Xiying Zheng, Yukang Zhang, Yang Lu, Hanzi Wang

Published: 01 Jan 2024, Last Modified: 06 Mar 2025ACM Multimedia 2024EveryoneRevisionsBibTeXCC BY-SA 4.0

Abstract: Semi-supervised visible-infrared person re-identification (SSVI-ReID) aims to match pedestrian images of the same identity from different modalities (visible and infrared) while only annotating visible images, which is highly related to multimedia and multi-modal processing. Existing works primarily focus on assigning accurate pseudo-labels to infrared images, but overlook the two key challenges: erroneous pseudo-labels and large modality discrepancy. To alleviate these issues, this paper proposes a novel Modality-Unified and Confidence-Guided (MUCG) semi-supervised learning method. Specifically, we first propose a Dynamic Intermediate Modality Generation (DIMG) module, which transfers knowledge from labeled visible images to unlabeled infrared images, enhancing the pseudo-label quality and bridging the modality discrepancy.
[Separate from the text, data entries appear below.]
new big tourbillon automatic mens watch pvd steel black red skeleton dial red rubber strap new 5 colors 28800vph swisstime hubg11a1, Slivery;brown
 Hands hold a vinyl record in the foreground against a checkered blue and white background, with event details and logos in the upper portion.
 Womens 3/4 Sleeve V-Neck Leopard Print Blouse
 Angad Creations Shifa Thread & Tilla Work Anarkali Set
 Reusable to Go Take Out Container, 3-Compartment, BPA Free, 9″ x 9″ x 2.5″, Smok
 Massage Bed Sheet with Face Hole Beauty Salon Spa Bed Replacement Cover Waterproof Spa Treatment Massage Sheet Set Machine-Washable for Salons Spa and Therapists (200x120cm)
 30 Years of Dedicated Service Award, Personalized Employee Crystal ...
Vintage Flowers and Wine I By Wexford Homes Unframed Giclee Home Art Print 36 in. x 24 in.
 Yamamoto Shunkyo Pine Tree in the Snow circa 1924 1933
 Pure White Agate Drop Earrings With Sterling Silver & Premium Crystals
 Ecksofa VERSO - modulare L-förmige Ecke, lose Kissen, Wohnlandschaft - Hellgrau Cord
Meanwhile, we propose a Weighted Identification Loss (WIL) that can reduce the model's dependence on erroneous labels by using confidence weighting. Moreover, an effective Modality Consistency Loss (MCL) is proposed to narrow the distribution of visible and infrared features, further narrowing the modality discrepancy and enabling the learning of modality-unified features. Extensive experiments show that the proposed MUCG has significant advantages in improving the performance of the SSVI-ReID task, surpassing the current state-of-the-art methods by a significant margin.